ICE cotton ends flat after weak export sales data

Sept 14 (Reuters) - ICE Cotton futures ended nearly unchanged in low-volume trade on Thursday, hovering near three-week lows hit in the previous session on bearish weekly export sales data from the U.S. Department of Agriculture. 

Cotton contracts for December settled up 0.03 cent, or 0.04 percent, at 69.12 cents per lb. It traded within a range of 68.43 and 69.45 cents a lb. In the previous session, prices touched 68.31 cents a lb - the lowest level since Aug. 25.

"The export sales report was very weak ... the weakest it's been in a long time but part of it was because of the hurricanes," said Gabriel Crivorot, analyst at Societe Generale in New York. "Unless Hurricane Jose takes a really unexpected path, there's probably no more strain due to weather anymore.
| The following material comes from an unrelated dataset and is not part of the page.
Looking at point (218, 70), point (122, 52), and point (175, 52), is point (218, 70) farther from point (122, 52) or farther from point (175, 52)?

People will just be waiting for a damage estimate (from Hurricanes Harvey and Irma)."

Earlier in the day, the U.S. Department of Agriculture reported net upland sales of 65,200 running bales for the 2017-18 marketing year and 26,400 running bales for the 2018-19 marketing year in its weekly export sales report.

Total futures market volume fell by 16,416 to 20,571 lots. Data showed total open interest gained 54 to 243,940 contracts in the previous session. The dollar index was down 0.41 percent. The Thomson Reuters CoreCommodity CRB Index , which tracks 19 commodities, was up 0.23 percent.